TreeTransform.finalize() spends a lot of time deleting stuff that isn't there
Affects | Status | Importance | Assigned to | Milestone | |
---|---|---|---|---|---|
Bazaar |
Confirmed
|
Low
|
Unassigned |
Bug Description
-----BEGIN PGP SIGNED MESSAGE-----
Hash: SHA1
I was looking into the lp:gcc-linaro issues because of its size.
While there, I noticed that it ended up spending a fair amount of time
in the 'delete_any()' code during finalize.
In that instance, there are about 69,000 files in the tree. And it looks
like delete_any() is called for each and every one of them. Which means
that it does 70k calls to:
if os.path.
...
else:
os.unlink(path)
And in all of these cases, the path doesn't exist. Nor do any of its
containing directories.
I think we could shortcut a lot of this, by testing to see if a
containing directory exists, and if it doesn't, we don't need to test
any of the subdirectories.
We already know some of this information, because we create files in
their containing directory in limbo when the target doesn't exist. (So
that we can just rename the containing dir, rather than renaming every
object independently.)
I think we could probably change the iteration to just check those
objects that exist at the top level in limbo.
In this particular case, it would change the number of operations from
70k, down to about 36.
affects bzr
status confirmed
importance low
-----BEGIN PGP SIGNATURE-----
Version: GnuPG v1.4.9 (Cygwin)
Comment: Using GnuPG with Mozilla - http://
iEYEARECAAYFAkx
j1QAmgMA+
=fuR/
-----END PGP SIGNATURE-----
tags: | added: performance treetransform |
tags: | added: affects-linaro |
tags: | added: check-for-breezy |
I also saw a fair amount of time spent before the 'Build phase: adding file contents' was displayed. It is also possible that it is spending a lot of time trying to stat all 70k files before it decides whether or not there is going to be a file that is in conflict. Again, it should be possible to notice that a directory is not present, and thus we don't need to check all possible files underneath that dir.

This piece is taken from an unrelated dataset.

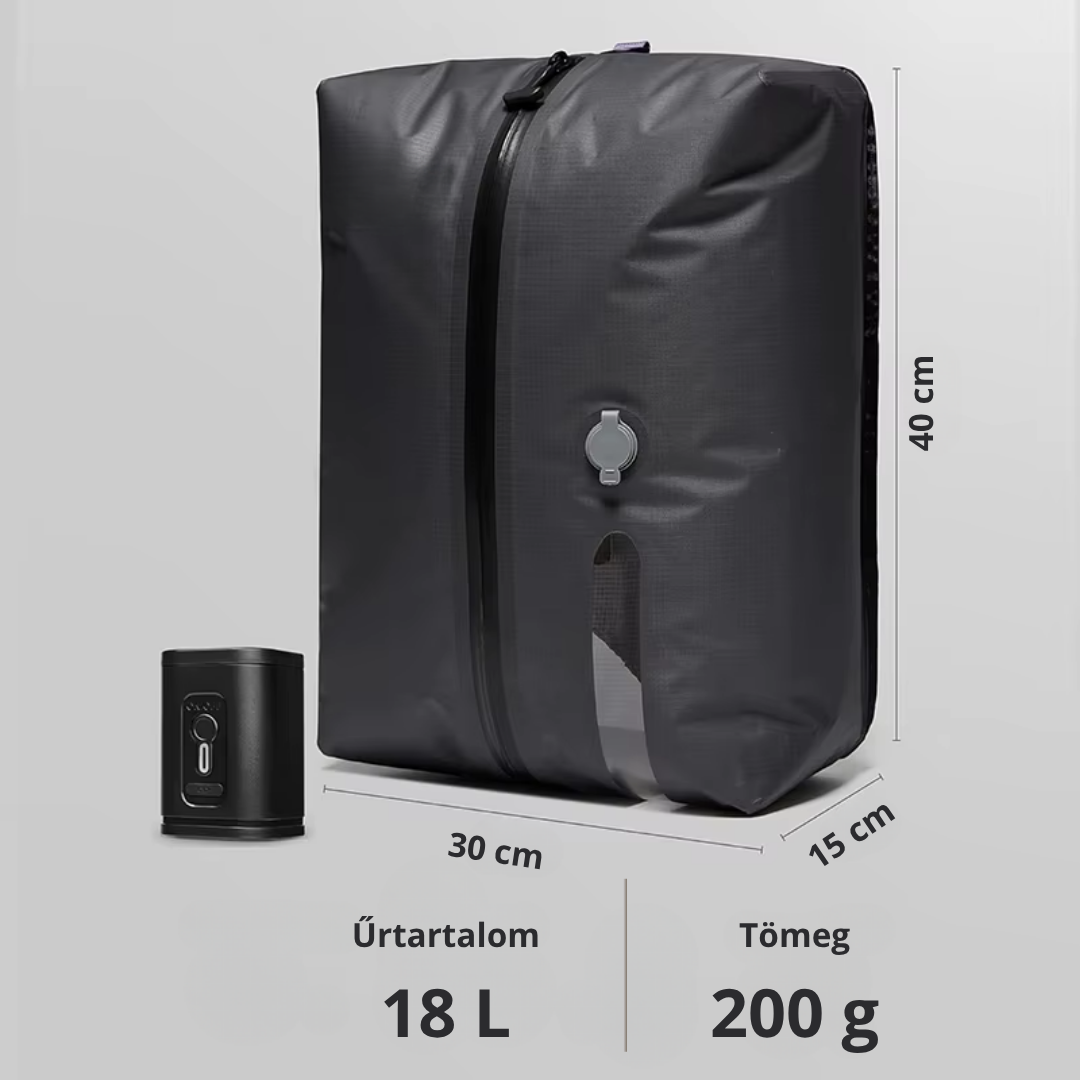 18 literes vákuumzsák mérete: 30 × 40 × 15 cm, tömege 200 g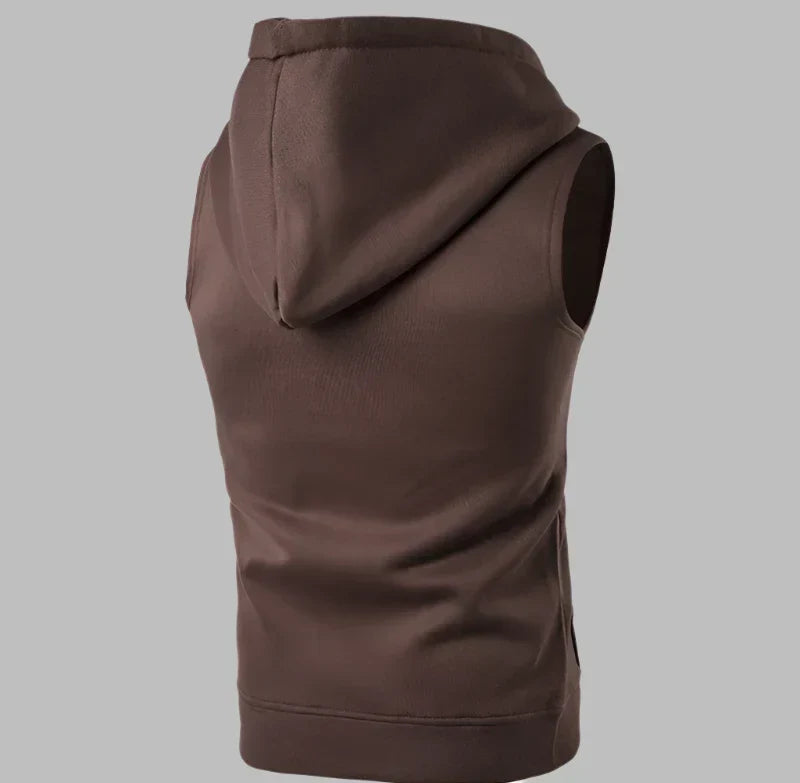 W&W Mode | Ärmelloser Herrenpullover Mit Reißverschluss Und Kapuze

I don't have profiles to specifically support this, but I did do a breakin during the post-build phase and it trapped on 'isdir()'.
ISTR that some of the os.path functions actually do multiple stats. (maybe it was just us doing os.path.isdir(), os.path.isfile(), etc.)
We might want to fix the _delete_any code to do a stat and check if it even exists first.